The case of a man who campaigned for doctors to be allowed to kill him will not go to the Court of Appeal, High Court Judges have ruled.
Lord Justice Toulson said the case was “plainly a matter for Parliament”.
Tony Nicklinson, who suffered from a condition known as ‘locked-in syndrome’, wanted doctors to be able to end his life.
The case was rejected by the High Court in August. However, Mr Nicklinson’s wife vowed to carry on the case after her husband died soon after the verdict was given.
Now judges at the High Court have turned down an application by Jane Nicklinson to be made party to the proceedings.
Lord Justice Toulson said: “We do not consider that the proposed appeal has any real prospect of success.

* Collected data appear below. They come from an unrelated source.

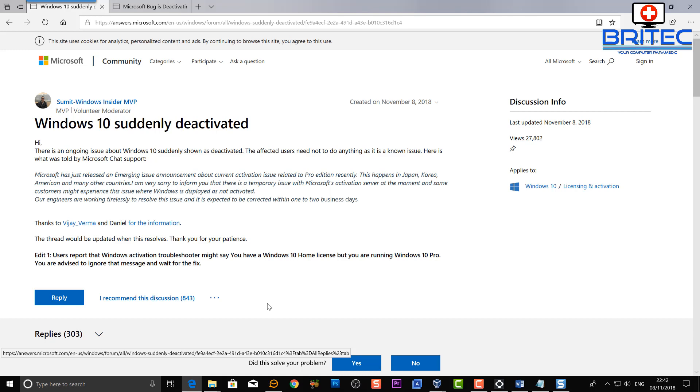And apparently it's on the new version of the update which hasn't been released, the one after 1809. It's already on there as well. So they're trying to fix that issue as well as now they've got this problem going on.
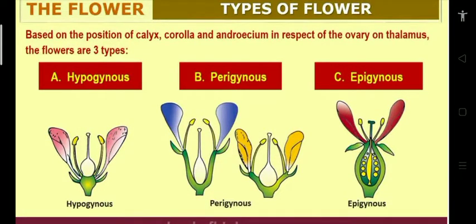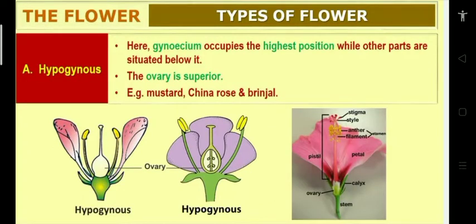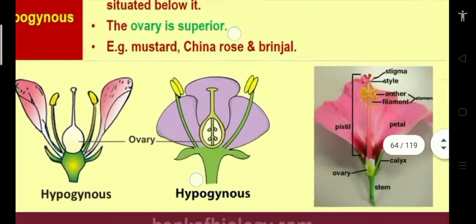Based on the position of calyx, corolla and androecium with respect to the ovary and thalamus, there are three types of flower. In the diagram, hypogynous means gynecium is at the top, perigynous has gynecium in the center, and epigynous has gynecium enclosed by the thalamus and fused with it. In hypogynous flower, gynecium occupies the highest position on the thalamus, with sepals, petals and stamens below the ovary — making the ovary superior.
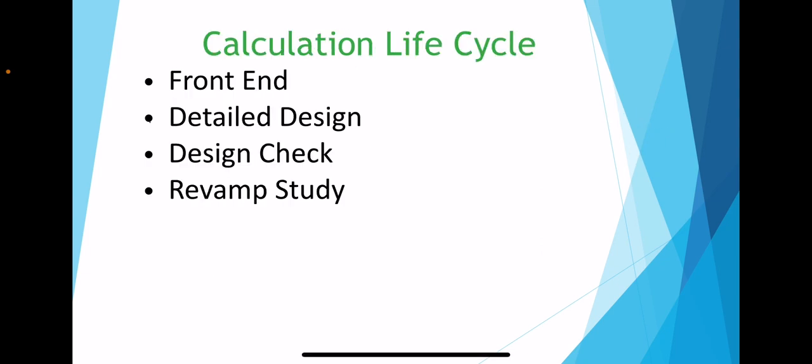If you look at the lifecycle of a pump calculation, typically there is a first cut calculation done during the front end of the project, which is again reviewed during the detailed design and design checks are carried out.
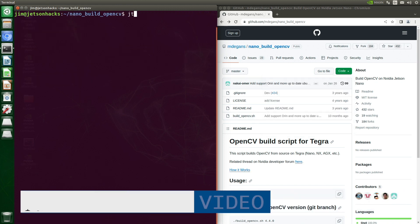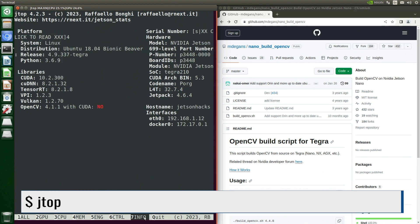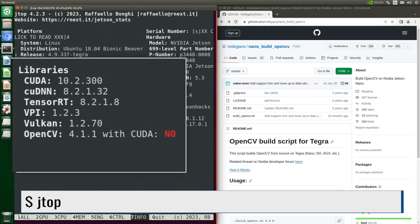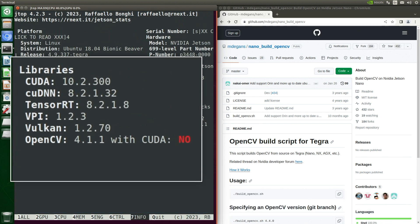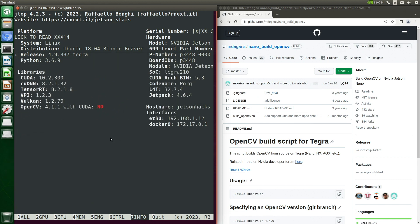Let's open up Jtop and go over to the info pane. The OpenCV version is 4.1.1 without CUDA. And for our build, we need to know the CUDNN version, which is 8.2. Let's quit out of this.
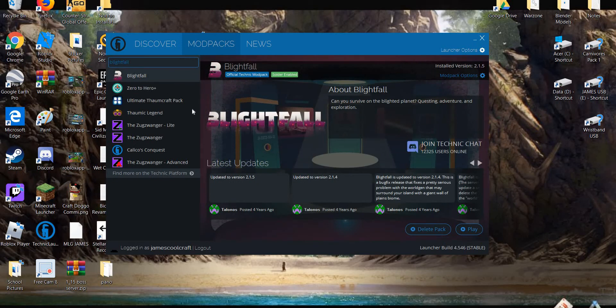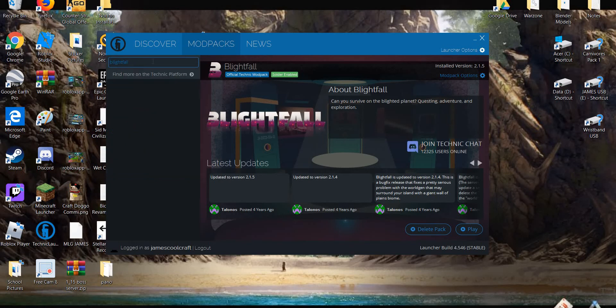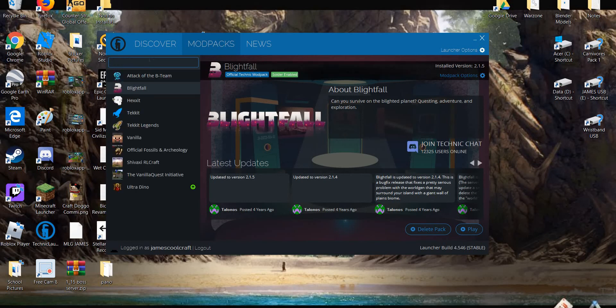And that's really interesting because a year ago there were actually a couple of Blightfall spinoffs on the Technic launcher. And so I wonder why they aren't there anymore. I think Technic themselves might have deleted them.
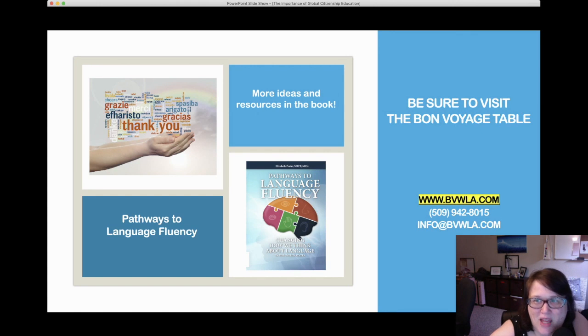That is the gist of global citizenship education. Thank you so much for listening. If you have any questions or would like more resources, please feel free to reach out to me at elizabethporter@bvwla.com. I have tons of ideas and we have a Facebook group specifically for Language with the Five Senses and Global Citizenship Education. Thank you so much for listening. Have a wonderful day.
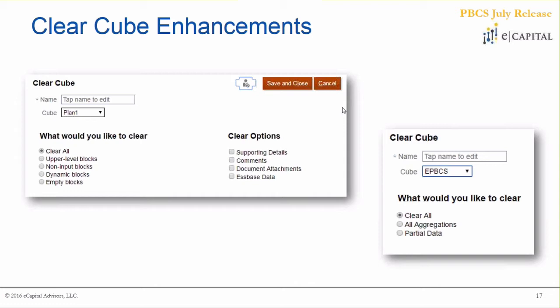You can also clear relational data from a planning perspective — supporting details, comments, cell-based data, and document attachments — that last one is new to this release. The screenshot on the right shows the ASO perspective, where you can clear partial data and define different slices to clear, similar to what you could do in Essbase Administrative Services. Good functionality making it more nimble whether you're using the UI or automating things in the background.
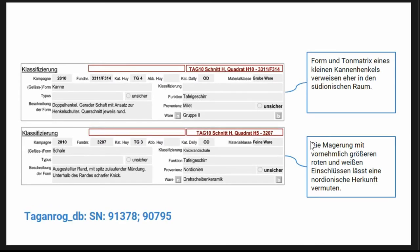Another point is that often the databases are not used as the only source of information, so you also have some inconsistencies with later publications. For example, in the database it is noted that this object comes from Miletus, while in the later publication it is noted that it comes from the South Union area. And you have no possibility to check whether this reflects a later change in interpretation or an error made by the person who extracted this information from the database.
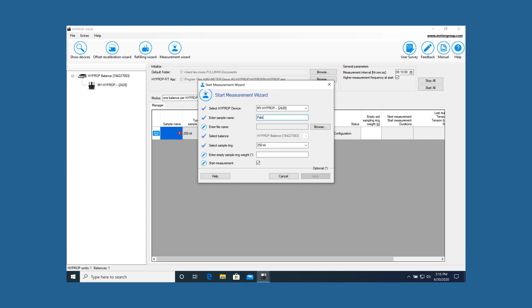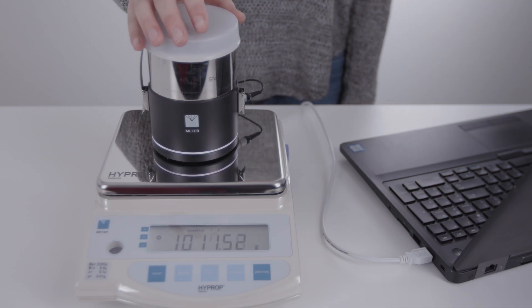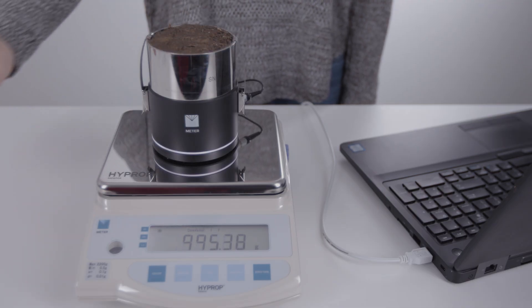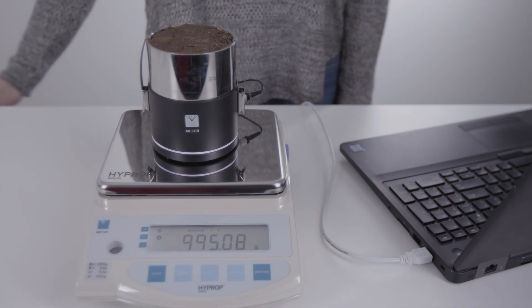Measuring unit, name of the soil sample, sample ring type, sample ring weight. Remove the plastic cap from the sample and click apply.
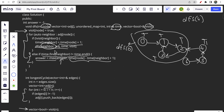That's the only special condition — the rest is standard DFS. The time and space complexity are both O(n), the same as standard DFS. That's all for this video; make sure you like and subscribe to the channel.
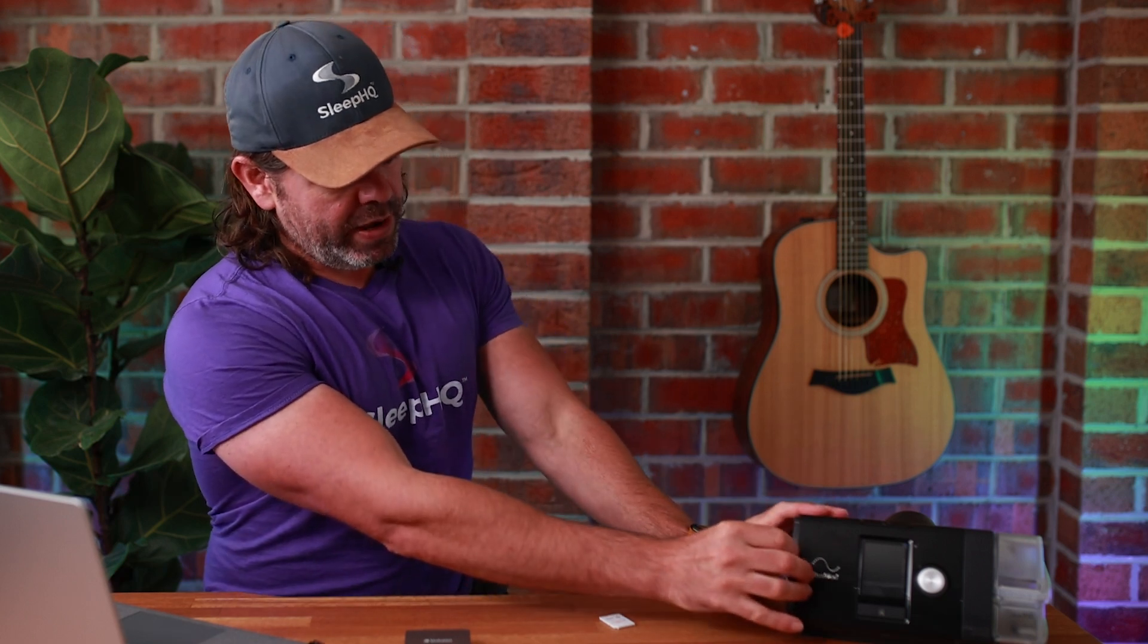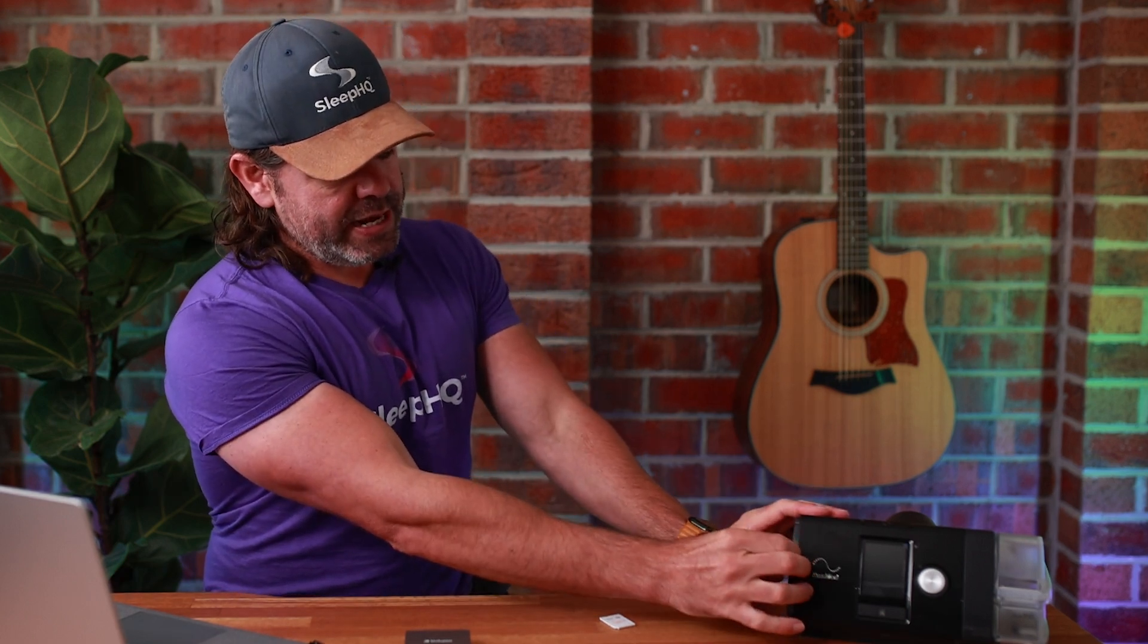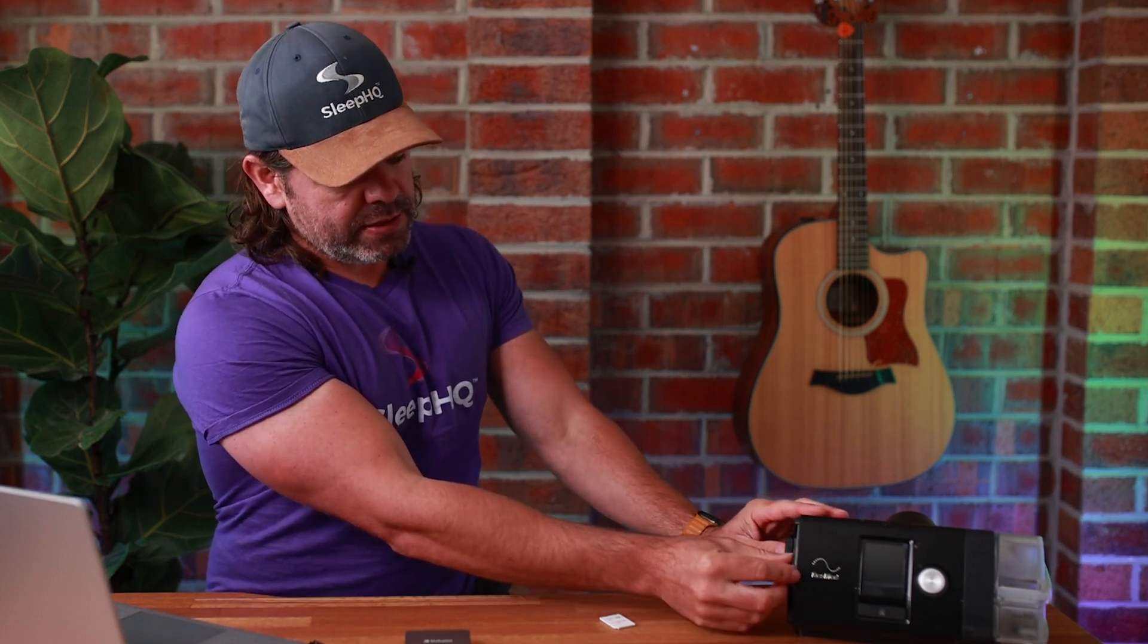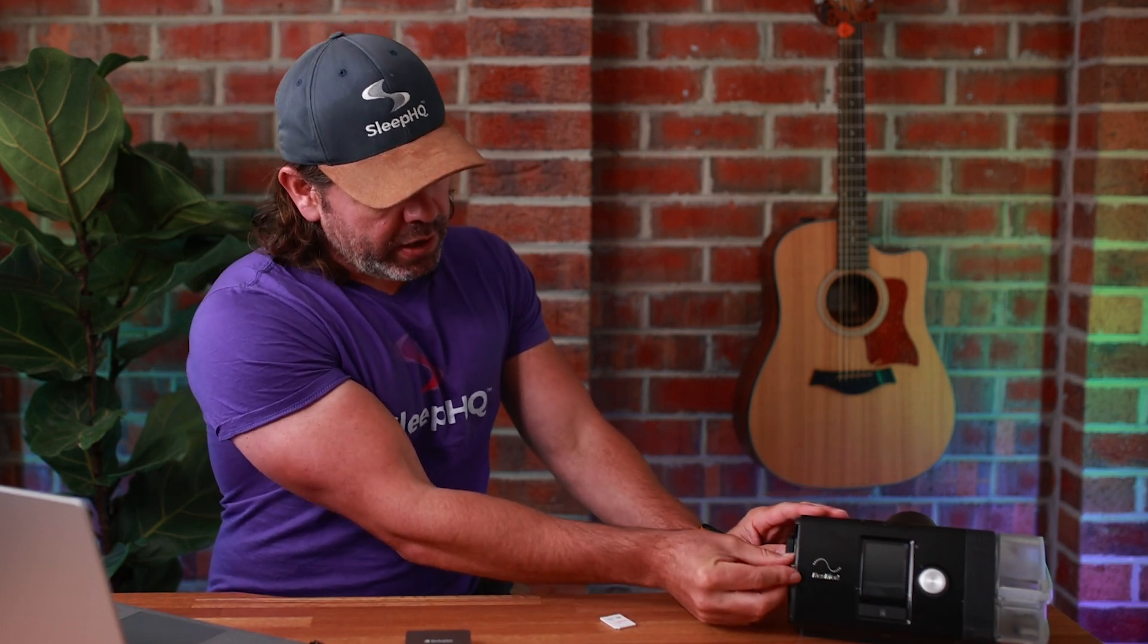Okay, step number one, we need to remove our SD card from our CPAP machine and somehow connect it to our PC or laptop. Now, here's my AirSense 10. The SD card is located in the side. I just press it in, pull out the SD card.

“It is, of course, an important question whether the law of murder should be changed in the way that Tony fought for, but it does not follow that permission to appeal should therefore be granted. We consider it to be plainly a matter for Parliament.”
Mrs Nicklinson has vowed to appeal the decision.
However a second locked-in sufferer, whose case was heard alongside that of Mr Nicklinson, has been given leave to appeal.
The man, known only as Martin, suffered a major stroke in 2008. He wants to be allowed a “dignified suicide”.
The judges gave his appeal the go-ahead as it raised “questions of sufficient significance to merit consideration by the Court of Appeal”.